**Instructions to follow**: Of the material below, the lines to be retyped are those from the line containing "Games Workshop LEGIONS" through the line containing "Journey West Women's", inclusive; reproduce them exactly.

*** Provided entries ***

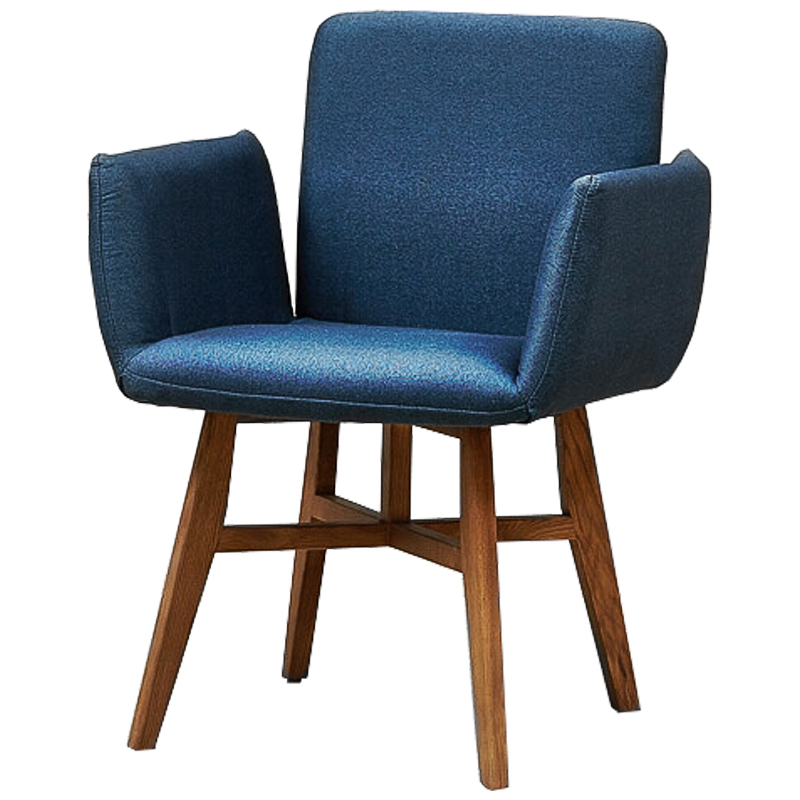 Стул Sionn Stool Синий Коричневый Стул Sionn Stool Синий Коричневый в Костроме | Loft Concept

*** End of Provided entries ***
*** Provided entries ***

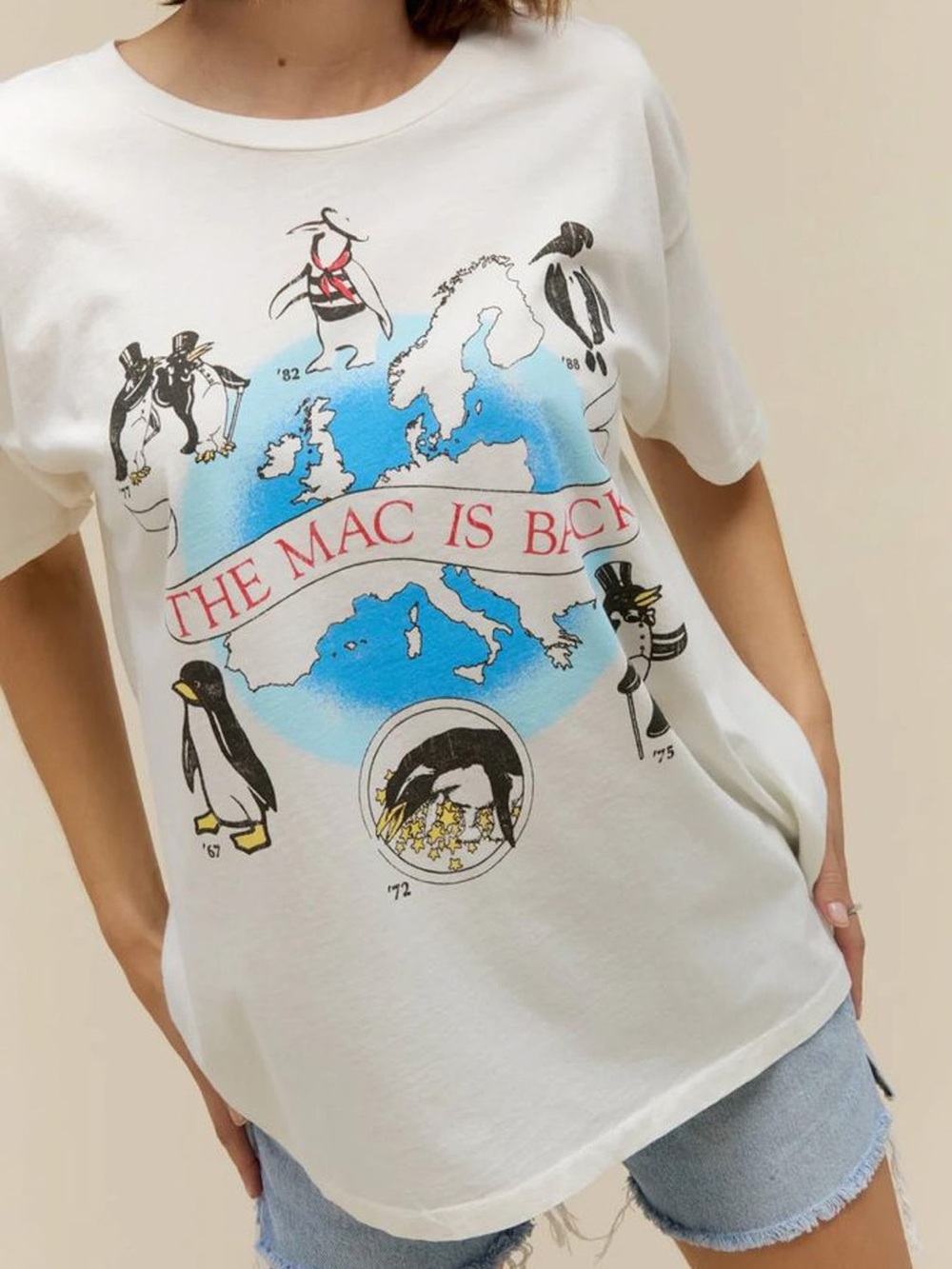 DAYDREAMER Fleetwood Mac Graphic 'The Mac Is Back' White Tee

*** End of Provided entries ***
*** Provided entries ***

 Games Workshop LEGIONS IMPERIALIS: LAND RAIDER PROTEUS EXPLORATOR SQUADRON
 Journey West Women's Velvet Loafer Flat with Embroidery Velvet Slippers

*** End of Provided entries ***

**Answer to the exercise**:
 Games Workshop LEGIONS IMPERIALIS: LAND RAIDER PROTEUS EXPLORATOR SQUADRON
 Journey West Women's Velvet Loafer Flat with Embroidery Velvet Slippers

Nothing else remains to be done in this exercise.